We arrived at Muir Woods around 10am, and both of the parking lots were full. We parked on the road about a 15 minute walk away, and by the time we returned there was a line of cars as far as we could see. Note to self: get there early.
Muir Woods was declared a national monument in 1908. The forest of old growth Coastal Redwoods includes trees that are over 250 feet tall and almost 1200 years old.


After Muir Woods, we headed about an hour and a half north to Iron Horse Vineyards in Sebastapol. Some people have Disneyland, we have Iron Horse.
Their website perfectly describes the Iron Horse vibe: "At the end of a rural road, on a hill overlooking undulating hills of grape vines, the “tasting room” is a simple wooden shelf." We love this place.

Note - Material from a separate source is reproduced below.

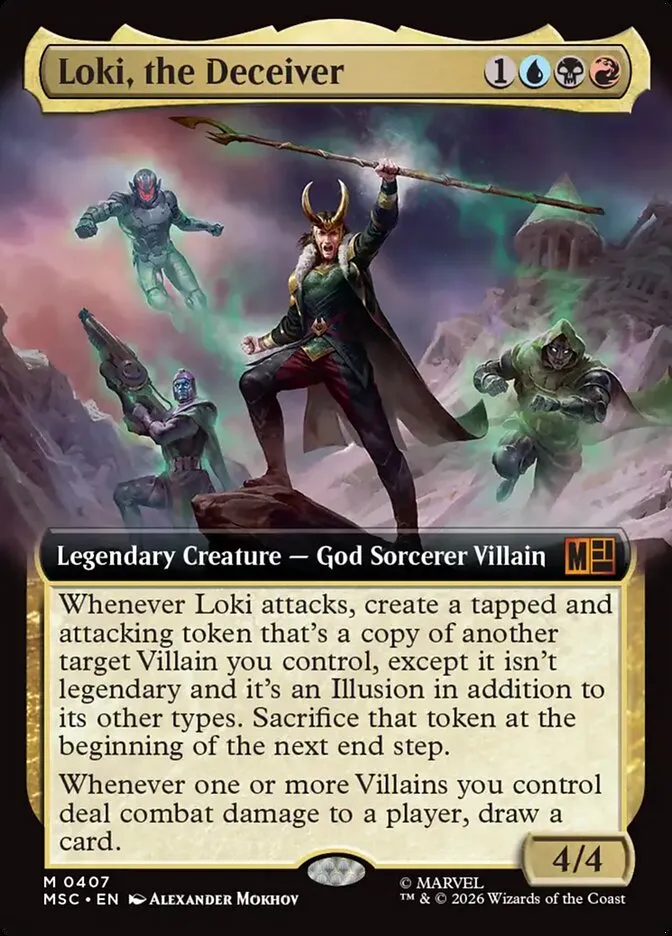 2026 Marvel Super Heroes Commander Loki, the Deceiver #407 mythic card image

The "Late Disgourged" and one other were camera shy
The weather, wine, and atmosphere were downright perfect, so we hung out for a few hours just enjoying the view.
Next stop, Healdsburg to check into the Inn. Not so fast... Along the way we passed Thomas George Estates, which was recommended by a local that we met at Iron Horse, so we HAD to stop. Their tasting room is in a cave - always nice to see the barrels.

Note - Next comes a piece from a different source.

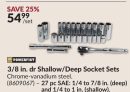 3/8 in. dr Shallow/Deep Socket Sets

We finally made it to Healdsburg around 4pm and checked in to the Haydon Street Inn. I'm usually not a fan of bed and breakfasts, but walking distance to the square for under $300 per night forced me to be a little more open minded.
We stayed in the Turret Room, which had a private bath, claw foot tub, and fireplace.
Dinner that night was at Dry Creek Kitchen: an amuse bouche, followed by appetizers of scallop en croute and goat cheese anglotti, and entrees of Alaskan halibut and crispy duck. Entirely too full for dessert so the walk back to the Inn was quite pleasant.
Day 2
Given the time difference, we "slept in" until 4, which gave us a little bit of time before the 9am breakfast. Not enough can be said about the breakfasts at the Haydon Street Inn. Seriously. On this morning we started with a berry smoothie in a tall shot glass served with a cranberry scone, then had a martini glass full of fresh fruit, and THEN had stuffed French toast. Chef John rocks.
We had some time to kill before heading out to the wineries, so we wandered over to the Healdsburg Farmers' market to walk off breakfast.
At 10:30, our driver from Sonoma Sterling Limosine picked us up for a day of tasting. Car services are not cheap, but we figured it was cheaper than a DUI so we should splurge and enjoy ourselves. I found Sonoma Sterling Limo via Yelp, and would definitely use them again.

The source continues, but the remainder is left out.